2018年12月10日月曜日

12月全校朝礼 校長講話


平成30年12月10日

朝礼講話

 

 おはようございます。はじめに、私たち教師は、日頃から生徒の皆さんには暴力はいけませんということを指導しています。これは、何も生徒だけではなく大人も同じです。特に、学校の先生はなおさらです。そこで、今週、生徒の皆さんに「体罰をなくすためのアンケート」を実施します。ご協力ください。
それでは、きょうのお話ですが、暴力をなくしていくことと直接関係はありませんが、暴力をなくすには自分に自信をもつことも大切ですので、この点で関連があります。

 きょうは、この本を紹介してお話しします。 シナリオライター(脚本家) 岡田 麿里(おかだ まり)さんの著書、「学校へ行けなかった私が「あの花」「ここさけ」を書くまで」という題名の本です。

 まず、岡田 麿里さん という方ですが、埼玉県の秩父市を舞台にしたアニメ作品、 「あの日見た花の名前を僕たちはまだ知らない」、「心が叫びたがっているんだ」の物語を書いた方です。この本の題名の「あの花」、「ここさけ」は、この2つの作品名を縮めた表現です。また岡田さんご自身も埼玉県秩父市出身です。私も先日、貸レコード屋さんで「あの日見た花の名前を僕たちはまだ知らない」の劇場版を借りてみましたが、とても面白い作品でした。 
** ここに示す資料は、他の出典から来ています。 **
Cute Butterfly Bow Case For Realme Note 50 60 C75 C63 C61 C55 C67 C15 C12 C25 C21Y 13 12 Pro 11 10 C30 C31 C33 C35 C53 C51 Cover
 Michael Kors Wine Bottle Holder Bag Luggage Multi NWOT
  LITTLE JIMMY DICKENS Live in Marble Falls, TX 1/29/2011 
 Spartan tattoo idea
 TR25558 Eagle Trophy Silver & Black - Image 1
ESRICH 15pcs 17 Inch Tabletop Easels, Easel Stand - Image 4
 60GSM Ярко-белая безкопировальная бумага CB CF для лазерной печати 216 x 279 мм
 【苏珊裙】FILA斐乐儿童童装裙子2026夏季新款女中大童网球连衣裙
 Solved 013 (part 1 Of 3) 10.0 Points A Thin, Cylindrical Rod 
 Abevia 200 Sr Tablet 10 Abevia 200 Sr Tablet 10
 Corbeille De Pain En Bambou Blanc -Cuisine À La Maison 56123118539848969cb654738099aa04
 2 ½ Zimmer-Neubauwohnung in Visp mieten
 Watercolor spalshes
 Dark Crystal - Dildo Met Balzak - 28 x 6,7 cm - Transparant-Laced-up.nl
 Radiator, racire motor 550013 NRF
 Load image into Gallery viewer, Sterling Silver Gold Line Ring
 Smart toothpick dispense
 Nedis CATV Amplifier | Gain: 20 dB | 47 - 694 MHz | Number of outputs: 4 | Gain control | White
 この本の題名には、学校に行けなかった私が・・・とあるように、岡田さんは、小学校から高校まで学校に行くことのできない不登校の生徒でした。その岡田さんが、超有名なシナリオライターになるまでにどのような苦労や努力があったのでしょうか。

  岡田さんは、学校に行けなかったので自宅でたくさんの作品を読んでいたという背景がありましたが、きっかけは高校生の時でした。学校を休んでいる岡田さんに、国語の先生が読書感想文の課題を出しました。その時、その先生は、その本の魅力について、多くの人に興味を持ってもらえるような書き方をするようにと、アドバイスを繰り返ししたそうです。このことで、岡田さんは人に読んでもらえる文章の書き方を身に付けました。 

 そして、高校卒業後ゲームを作る専門学校に通ったのですが、そこでいろいろな出会いがあり、シナリオを書いてみないかという誘いがありました。ところが、岡田さんは、自分にまったく自信のない人でした。

 そこでどうしたかというと、自分で書いたアニメのストーリーを徹底的に批判しました。ここがダメ、ここもダメと・・・。普通ならここで終わってしまうのですが、岡田さんの素晴らしいところは、自分がダメと思うところを徹底的に洗い出し、すべてに改善を加えたのです。これってなかなかできるものではありませんよね。そして、その努力の甲斐があって、作品が大ヒットしました。  

 このように、読む相手を意識して文章を書くこと、自分のダメなところを徹底的に直していくことの2点が、この作品の題名にあるように、「学校へ行けなかった私が「あの花」「ここさけ」を書くまで」に至ったのだろうと思います。この岡田さんの生き方が少しでも参考になればと思います。終わります。